▶ TO DO:
Output exactly the lines below from the one containing "Nutella Cream Oversized T-Shirt" to the last line, both included. Omit pictures.

▶ PROVIDED DATA:
════════
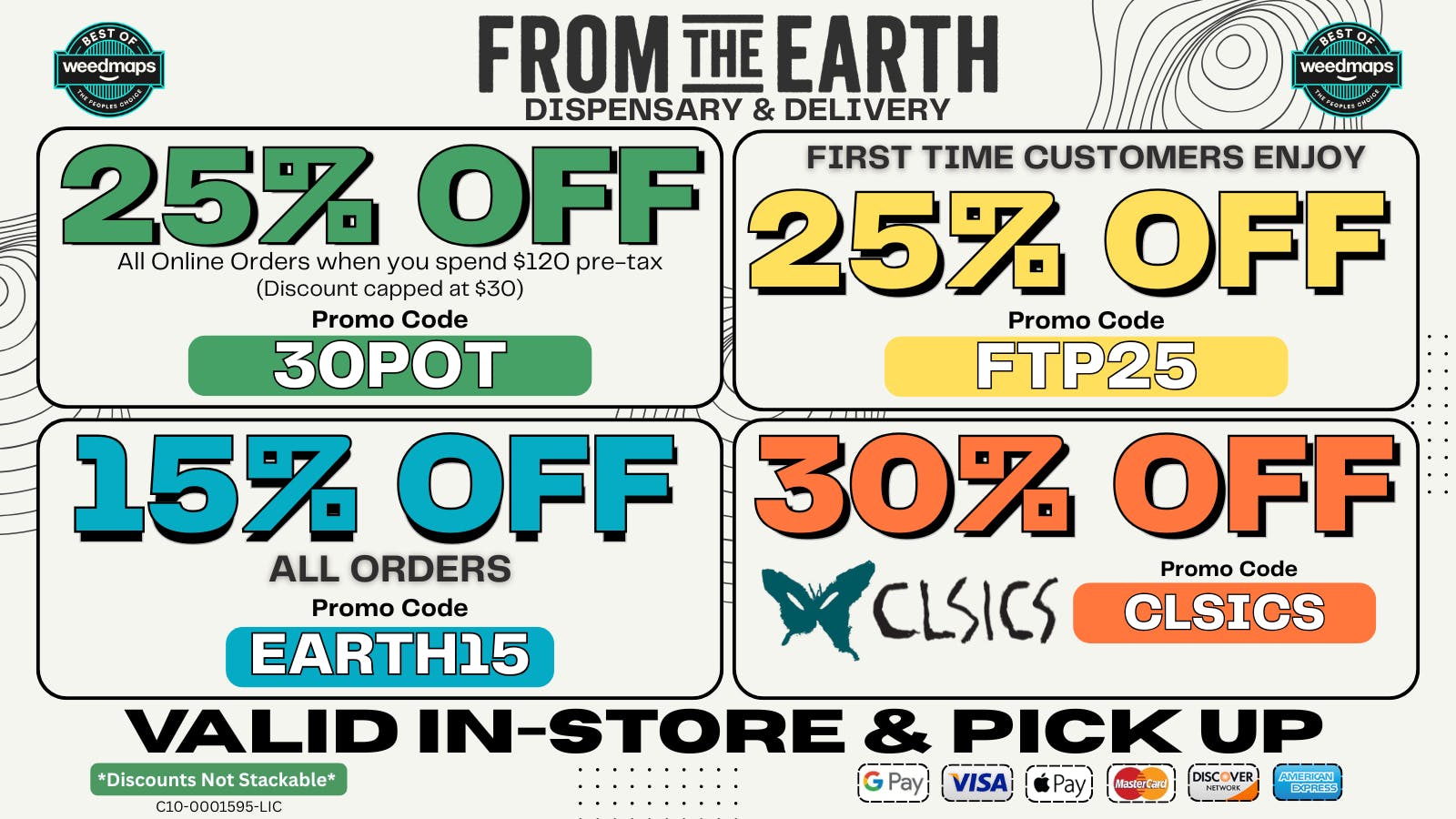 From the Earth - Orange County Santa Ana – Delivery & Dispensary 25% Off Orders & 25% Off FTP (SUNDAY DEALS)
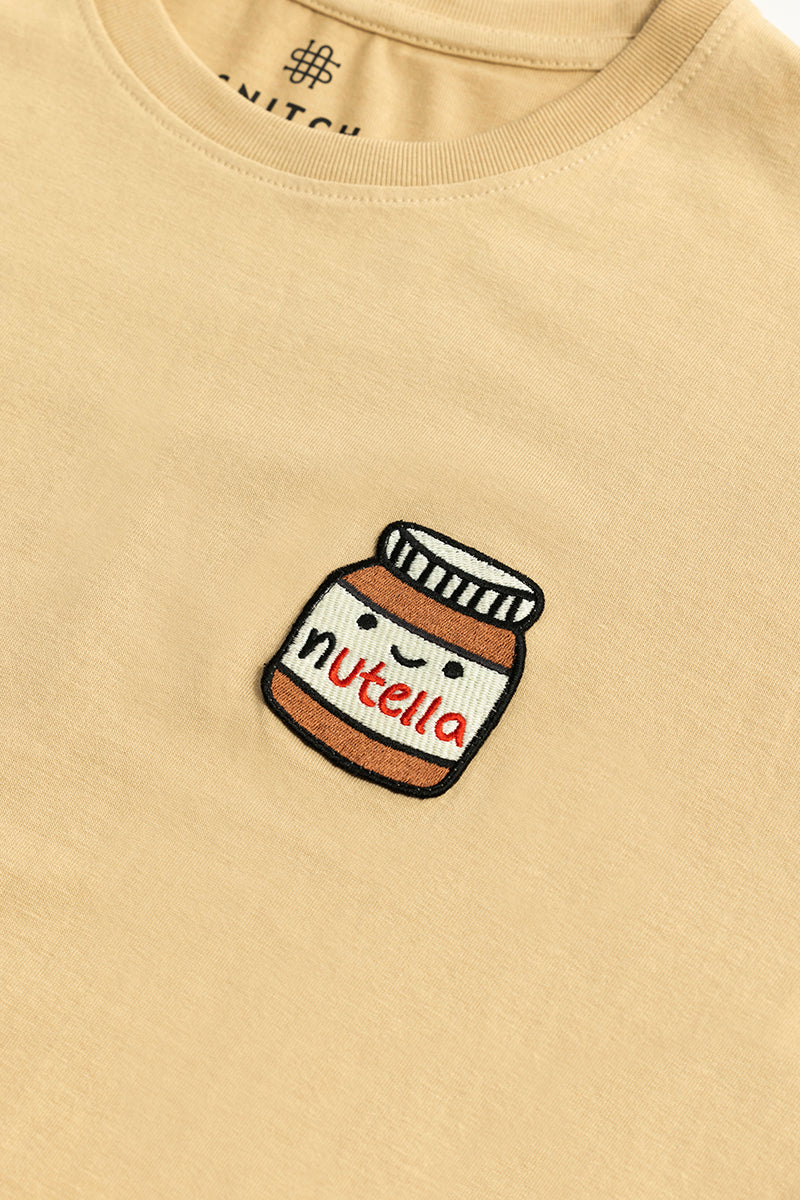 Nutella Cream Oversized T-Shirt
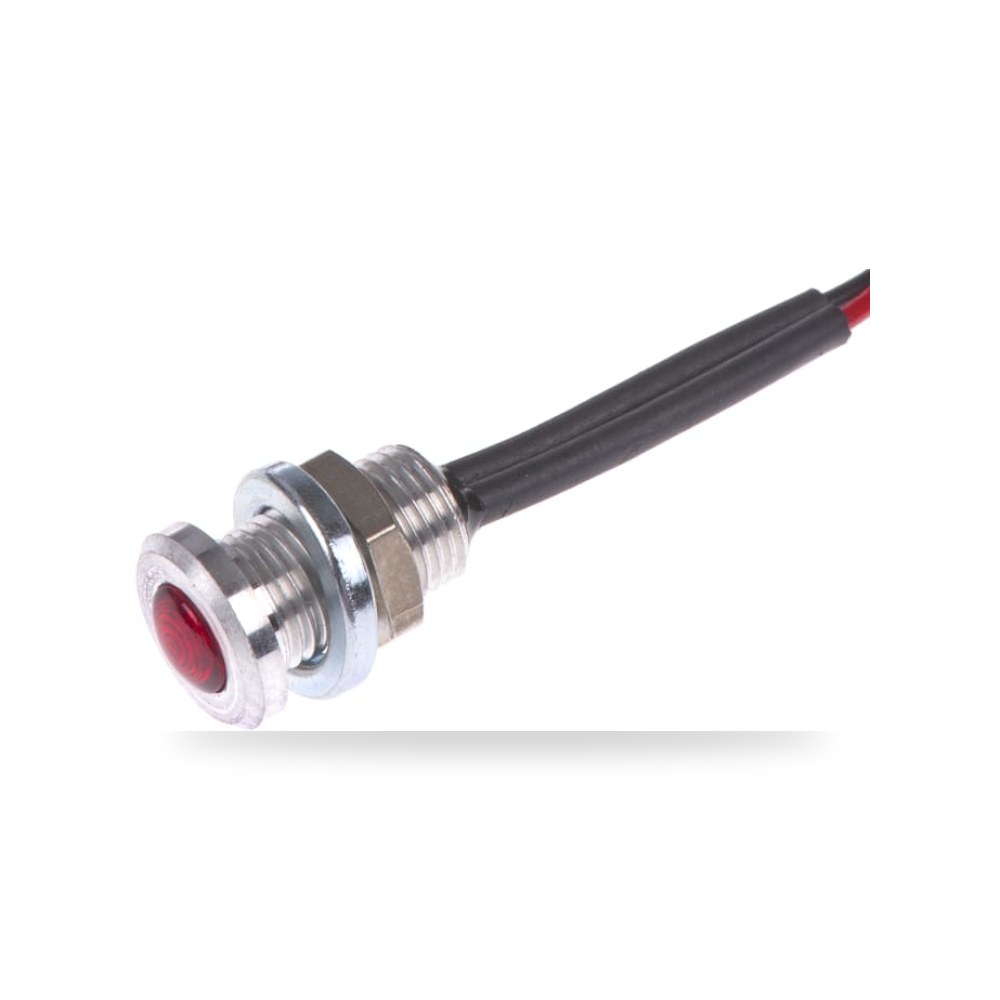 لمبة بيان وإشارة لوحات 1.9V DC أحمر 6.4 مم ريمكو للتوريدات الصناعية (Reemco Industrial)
════════
▶ EXERCISE OUTPUT:
 Nutella Cream Oversized T-Shirt
 لمبة بيان وإشارة لوحات 1.9V DC أحمر 6.4 مم ريمكو للتوريدات الصناعية (Reemco Industrial)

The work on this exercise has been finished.